Le immagini che da Capitol Hill hanno fatto il giro del mondo fanno male. Nella giornata di mercoledì 6 gennaio 2021 è stato sferrato, da un manipolo di fedelissimi del presidente uscente Donald Trump, armati fino ai denti, un attacco senza precedenti al cuore della democrazia americana.

Le cronache parlano di quattro morti, deputati e senatori costretti ad evacuare l’Aula, il congresso in lockdown. Non devono ingannare le immagini che rasentano il ridicolo di omoni barbuti che sembrano ricoprire il ruolo degli utili idioti fondamentali per la riuscita di uno dei film del fratelli Coen.

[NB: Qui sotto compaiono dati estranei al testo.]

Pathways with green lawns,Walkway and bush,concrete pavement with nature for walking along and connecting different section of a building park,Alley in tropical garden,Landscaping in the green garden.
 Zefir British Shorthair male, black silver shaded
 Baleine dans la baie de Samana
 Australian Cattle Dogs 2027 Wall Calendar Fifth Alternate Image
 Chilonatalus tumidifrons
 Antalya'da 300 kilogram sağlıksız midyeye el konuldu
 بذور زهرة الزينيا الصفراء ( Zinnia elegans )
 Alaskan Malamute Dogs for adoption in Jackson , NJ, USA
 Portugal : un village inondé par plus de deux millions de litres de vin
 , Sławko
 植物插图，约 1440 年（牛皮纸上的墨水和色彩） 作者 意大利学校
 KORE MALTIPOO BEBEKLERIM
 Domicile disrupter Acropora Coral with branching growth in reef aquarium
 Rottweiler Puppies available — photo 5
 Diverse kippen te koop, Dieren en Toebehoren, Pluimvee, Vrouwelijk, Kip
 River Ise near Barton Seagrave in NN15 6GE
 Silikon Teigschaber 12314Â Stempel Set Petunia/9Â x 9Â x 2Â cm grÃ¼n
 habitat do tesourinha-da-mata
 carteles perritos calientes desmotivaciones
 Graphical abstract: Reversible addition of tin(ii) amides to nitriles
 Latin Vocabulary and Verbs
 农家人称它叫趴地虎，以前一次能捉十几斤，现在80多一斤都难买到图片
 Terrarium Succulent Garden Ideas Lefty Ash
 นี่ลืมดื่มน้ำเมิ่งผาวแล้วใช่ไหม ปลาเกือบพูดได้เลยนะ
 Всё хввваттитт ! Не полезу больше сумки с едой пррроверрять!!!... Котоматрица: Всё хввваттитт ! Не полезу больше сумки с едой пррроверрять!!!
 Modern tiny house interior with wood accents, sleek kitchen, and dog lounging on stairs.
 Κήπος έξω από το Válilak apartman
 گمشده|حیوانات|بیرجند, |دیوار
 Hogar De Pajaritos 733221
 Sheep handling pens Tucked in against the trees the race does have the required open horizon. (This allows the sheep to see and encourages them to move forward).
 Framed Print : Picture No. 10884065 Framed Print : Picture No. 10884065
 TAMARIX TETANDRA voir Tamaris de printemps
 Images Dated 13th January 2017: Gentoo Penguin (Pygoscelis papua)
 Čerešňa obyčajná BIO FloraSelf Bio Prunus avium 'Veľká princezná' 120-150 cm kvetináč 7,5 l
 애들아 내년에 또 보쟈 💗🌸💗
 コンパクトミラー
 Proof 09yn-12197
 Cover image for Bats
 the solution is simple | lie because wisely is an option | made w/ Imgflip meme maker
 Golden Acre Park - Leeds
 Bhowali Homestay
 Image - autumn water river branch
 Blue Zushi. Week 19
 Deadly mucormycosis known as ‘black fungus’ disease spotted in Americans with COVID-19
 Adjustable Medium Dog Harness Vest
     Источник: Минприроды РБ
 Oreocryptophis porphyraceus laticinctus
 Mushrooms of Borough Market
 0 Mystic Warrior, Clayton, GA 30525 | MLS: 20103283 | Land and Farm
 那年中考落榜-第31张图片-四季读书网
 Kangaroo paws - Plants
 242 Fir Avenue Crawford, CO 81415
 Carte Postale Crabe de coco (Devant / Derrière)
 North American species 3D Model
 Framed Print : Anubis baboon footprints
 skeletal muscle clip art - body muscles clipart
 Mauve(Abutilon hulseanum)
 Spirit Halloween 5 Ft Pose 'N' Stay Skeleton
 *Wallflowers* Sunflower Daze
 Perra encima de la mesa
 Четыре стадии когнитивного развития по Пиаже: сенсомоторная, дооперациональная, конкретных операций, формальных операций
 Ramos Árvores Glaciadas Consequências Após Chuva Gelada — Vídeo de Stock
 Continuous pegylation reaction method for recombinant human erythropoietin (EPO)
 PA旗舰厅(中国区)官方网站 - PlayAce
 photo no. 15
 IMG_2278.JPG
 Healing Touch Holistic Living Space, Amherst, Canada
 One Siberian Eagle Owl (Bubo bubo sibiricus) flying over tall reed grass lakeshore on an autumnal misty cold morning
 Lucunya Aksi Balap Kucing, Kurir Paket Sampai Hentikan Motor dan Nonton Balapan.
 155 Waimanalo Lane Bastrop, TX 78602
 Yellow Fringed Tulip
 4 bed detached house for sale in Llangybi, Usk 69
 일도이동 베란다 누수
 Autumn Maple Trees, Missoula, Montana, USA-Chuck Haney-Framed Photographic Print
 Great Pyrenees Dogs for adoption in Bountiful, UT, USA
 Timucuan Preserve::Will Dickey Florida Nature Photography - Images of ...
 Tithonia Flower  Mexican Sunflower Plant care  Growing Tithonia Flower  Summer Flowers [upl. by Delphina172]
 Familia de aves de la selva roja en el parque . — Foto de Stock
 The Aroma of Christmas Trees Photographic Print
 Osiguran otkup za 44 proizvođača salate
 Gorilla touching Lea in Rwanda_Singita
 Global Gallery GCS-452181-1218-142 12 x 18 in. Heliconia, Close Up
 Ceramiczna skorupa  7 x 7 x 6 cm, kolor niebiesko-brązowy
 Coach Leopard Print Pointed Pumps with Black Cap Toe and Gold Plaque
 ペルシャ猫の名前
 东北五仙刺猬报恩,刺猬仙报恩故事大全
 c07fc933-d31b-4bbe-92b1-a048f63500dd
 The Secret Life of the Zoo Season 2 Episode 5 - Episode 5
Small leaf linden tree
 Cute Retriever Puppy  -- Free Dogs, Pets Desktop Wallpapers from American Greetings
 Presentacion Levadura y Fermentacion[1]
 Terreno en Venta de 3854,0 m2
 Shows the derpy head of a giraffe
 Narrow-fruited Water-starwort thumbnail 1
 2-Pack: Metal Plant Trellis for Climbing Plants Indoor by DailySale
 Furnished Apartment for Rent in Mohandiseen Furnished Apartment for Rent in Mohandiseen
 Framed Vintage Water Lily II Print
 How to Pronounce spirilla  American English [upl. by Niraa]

Nell’attacco di Washington c’è molto, molto di più. Innanzitutto c’è un grave problema di sicurezza. Come è possibile che questa gente sia stata fatta entrare nel centro nevralgico delle istituzioni americane senza che nessuno alzasse un dito? Le immagini parlano chiaro e stridono con quelle foto degli agenti in assetto anti-sommossa che solo qualche mese fa si schierarono a difesa del Campidoglio per le manifestazioni di Black Lives Matter.

Poi c’è un problema politico grande come una casa. Al di là di Trump, chi rappresentano i facinorosi? E’ questa la destra americana? Sono questi i valori dei repubblicani oggi? Sono tutti quesiti che necessitano di una risposta chiara e immediata, perché il populismo sfociato in squadrismo fascista che abbiamo visto in mondovisione non può entrare a far parte del dibattito pubblico.

E soprattutto c’è il dramma umano di un personaggio, Donald Trump, che dopo la sconfitta elettorale mai riconosciuta contro Joe Biden, ha perso completamente il controllo di se stesso e delle sue reazioni. Incapace di perdere, considerando la democrazia poco più che alla stregua di una delle sue partite di golf truccate, Trump ha riservato il peggio di sé per la parte finale della sua presidenza. Che a questo punto, chi vuole bene alla democrazia non può che augurarsi che sia anche la parte finale della sua esperienza politica.

Anche nel momento della massima tensione, con i suoi supporter che assaltavano Capitol Hill mentre veniva certificata la vittoria dei democratici, Trump è stato capace solo di bofonchiare un videomessaggio equivoco e far circolare dei tweet deliranti in cui giustificava il comportamento dei suoi fan, continuando a sostenere la folle tesi delle elezioni rubate.

Ma il fatto gravissimo che, se venisse dimostrato, fotografa Trump come il vero e proprio architetto di una insurrezione (così l’ha chiamata il presidente Biden) pensata e autorizzata a tavolino, che ha provocato morte e sconcerto, richiederebbe una risposta di dimensioni adeguate.

Se è vero che solo il vicepresidente Mike Pence ha chiamato in causa la Guardia Nazionale per disperdere la folla, allora è chiaro che i deliri di Trump hanno raggiunto un livello non più accettabile. Non può rimanere alla Casa Bianca un’ora di più. Chi si appella al venticinquesimo emendamento, lo fa a ragion veduta. Il presidente è impossibilitato a ricoprire il proprio ruolo – anche solo fino al 20 gennaio, giorno dell’insediamento di Biden – e deve essere immediatamente sostituito.

Va dato un segnale forte, inequivocabile e immediato. La democrazia e le istituzioni americane vanno difese.